Un killer vestito da punk entra nel Tech Noir, vivace night club della Los Angeles degli anni ‘80. Si fa strada tra i ragazzi che ballano al ritmo della musica di Tahnee Cain and the Tryanglz, ad ogni passo il suo sguardo diventa sempre più minaccioso. Poi trova la sua preda, una ragazza di nome Sarah Connor , verso cui punta il laser della pistola, ma la giovane ha un “angelo custode” che veglia su di lei e apre il fuoco. Il killer però non muore, anzi si rialza più forte di prima.
La sequenza del Tech Noir in Terminator (1984) di James Cameron è una scena indimenticabile, un capolavoro di suspense ed azione frutto di una scelta perfetta di movimenti di camera, ralenti, luci, musica, effetti sonori e location. Questi pochi minuti racchiudono da soli l’essenza del film: ritmo serrato, mistero, atmosfera dark, un cyborg inarrestabile che incarna il lato oscuro della tecnologia (il nome stesso del locale ne è un’esplicita allusione), una donna e un guerriero solitario come unica speranza per il genere umano.
Un film di fantascienza straordinario, immortale, ma anche una storia per riflettere su come possa ritorcersi contro ciò che l’uomo ha inventato per migliorare il suo futuro.
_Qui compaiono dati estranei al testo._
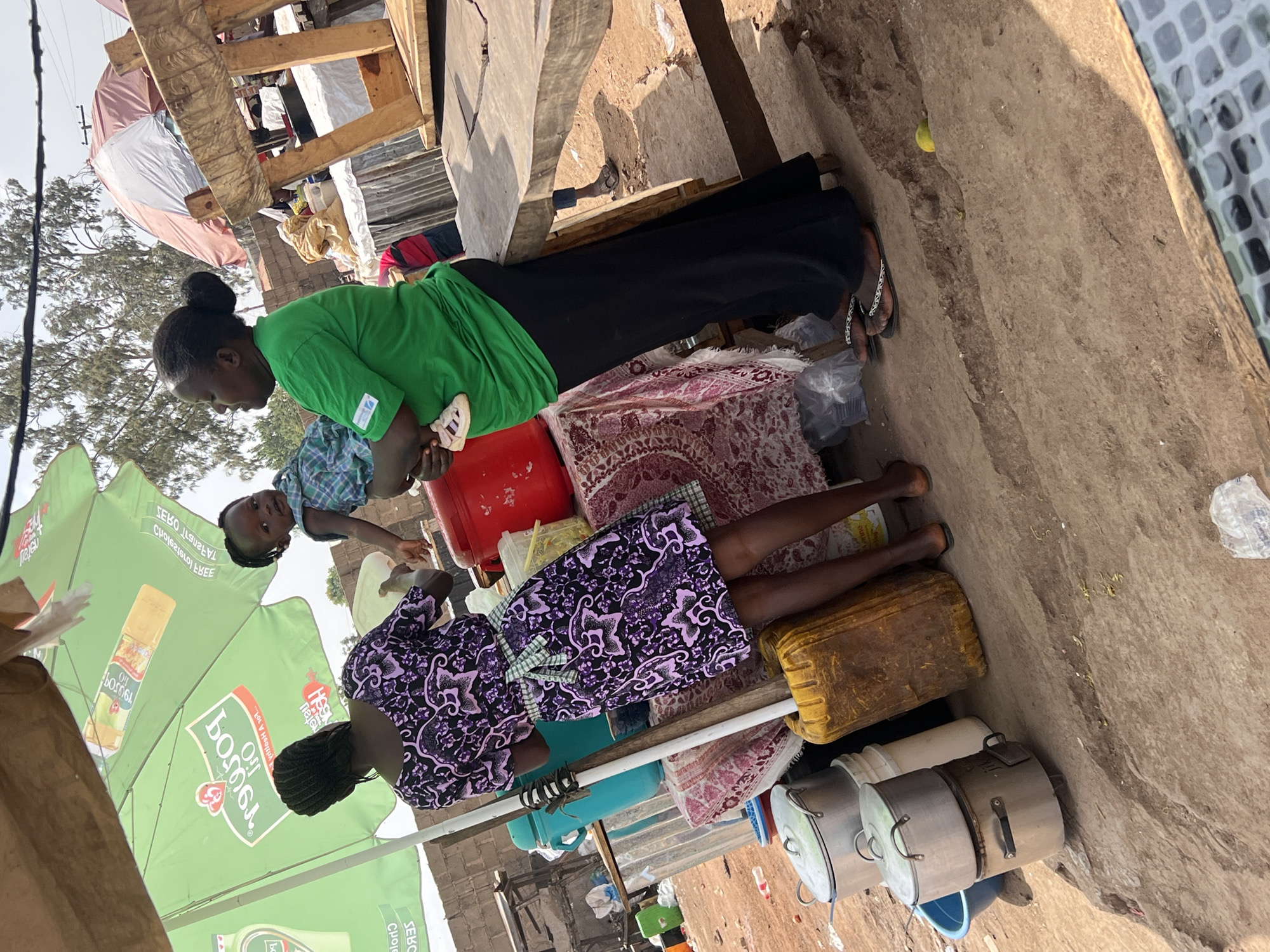 A woman in a green shirt and black pants stands next to a red container, holding a child wearing a blue plaid shirt. Nearby, another woman wearing a black and purple patterned dress stands next to an arrangement of cookware, containers, and bedding. The background includes green branded umbrellas and other structures that indicate this is a street scene in a commercial area, possibly a market or informal trading area. The presence of a visible electric pole suggests an urban setting, potentially in the city of Jos, Nigeria. The setting is characterized by a mix of commercial activity and daily life.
Lode al genio di James Cameron per aver creato un cult che ha influenzato il cinema del domani, e all’intelligenza di Arnold Schwarzenegger che, dopo aver letto il copione, rifiutò il ruolo di Kyle Reese perché voleva interpretare a tutti i costi il cattivo, nonostante il suo agente glielo sconsigliasse vivamente. Senza l’intuizione del granitico Arnold, Terminator non sarebbe stato lo stesso.